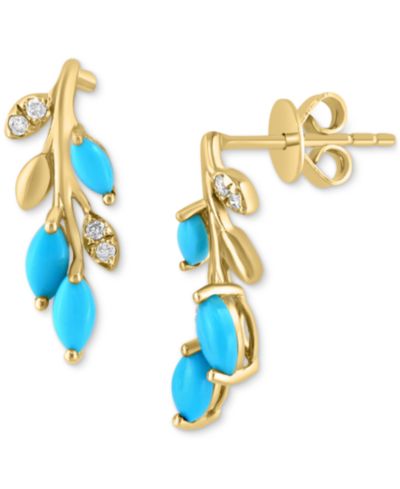 EFFY® Turquoise & Diamond (1/20 ct. t.w) Branch Drop Earrings in 14k Yellow Gold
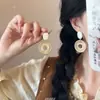 Pendientes trenzados blancos del mismo estilo que los de Zhong Chuxi para mujer, Pendientes de estilo bohemio de verano, Pendientes de estilo vacacional en la playa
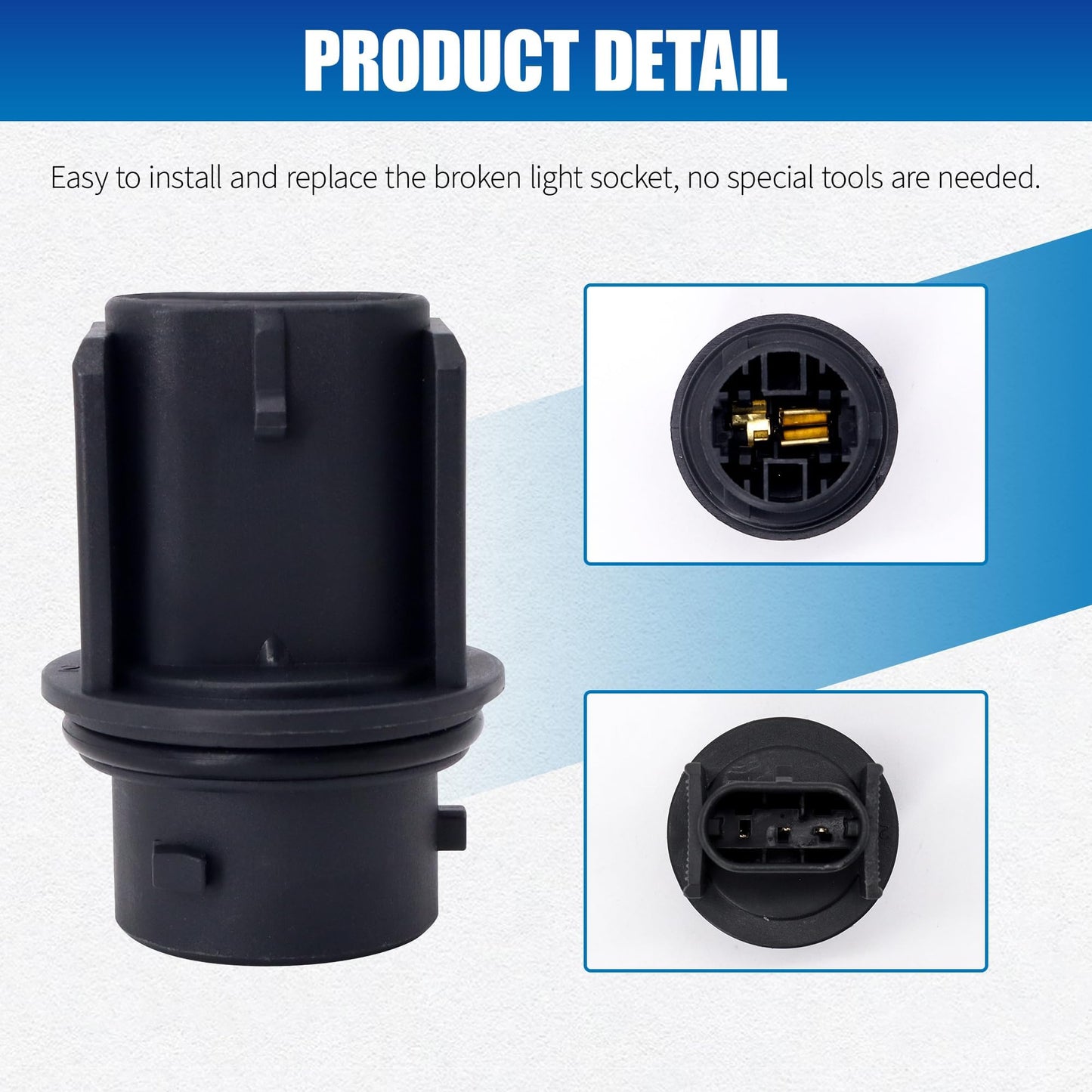 HiSport 2PCS 224-394-025 Front Turn Signal Bulb Socket for HAL 3157NA 4157NA Compatible with Freightliner Cascadia M2, Columbia Headlight Light Lamp Connector Plug Replace 224-394-045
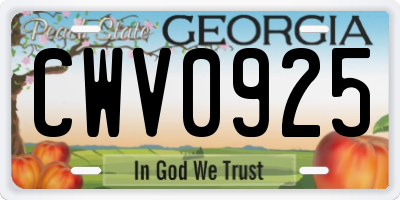 GA license plate CWV0925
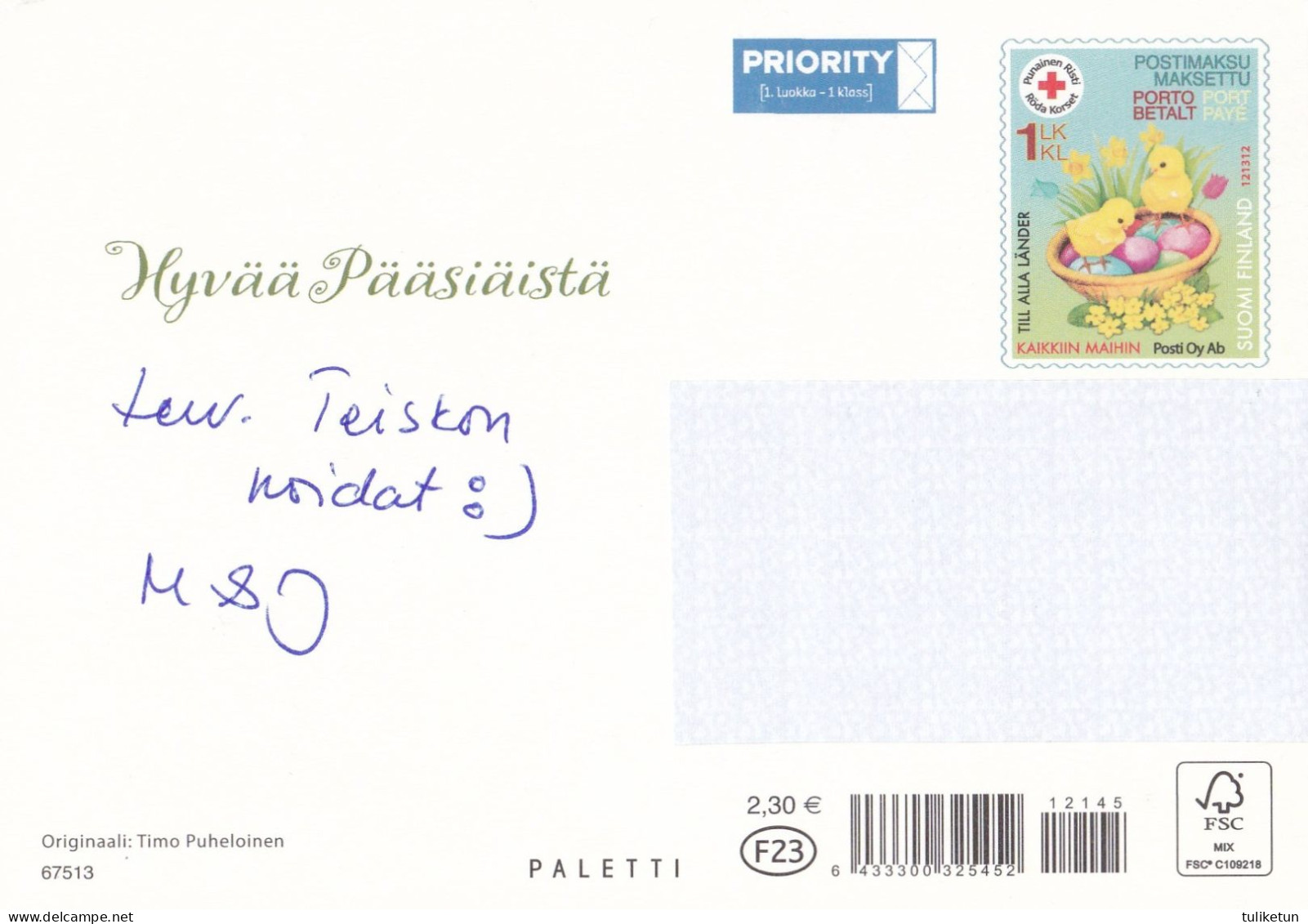 Postal Stationery - Chicks - Eggs In The Basket - Happy Easter - Red Cross 2002 - Suomi Finland - Postage Paid - Postal Stationery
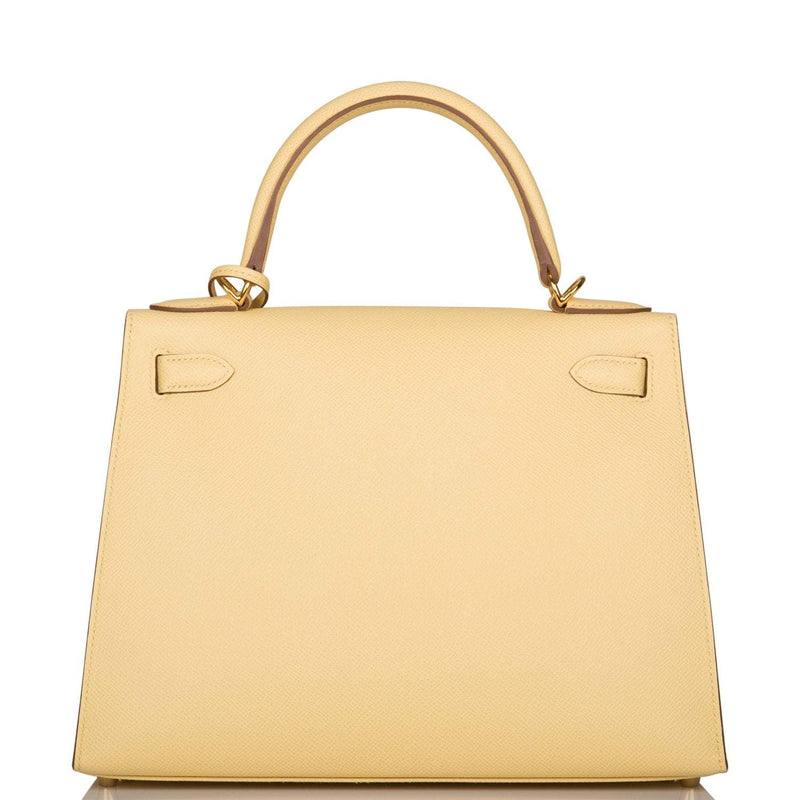 Hermes Kelly 28 Sellier Jaune Poussin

• TASK STATEMENT:
What you should return is the exact text of every line from the top of the entries through the line with "GA license plate CWV0925", pictures removed.

• FINAL ANSWER:
 EFFY® Turquoise & Diamond (1/20 ct. t.w) Branch Drop Earrings in 14k Yellow Gold
 Pendientes trenzados blancos del mismo estilo que los de Zhong Chuxi para mujer, Pendientes de estilo bohemio de verano, Pendientes de estilo vacacional en la playa
 HiSport 2PCS 224-394-025 Front Turn Signal Bulb Socket for HAL 3157NA 4157NA Compatible with Freightliner Cascadia M2, Columbia Headlight Light Lamp Connector Plug Replace 224-394-045
 GA license plate CWV0925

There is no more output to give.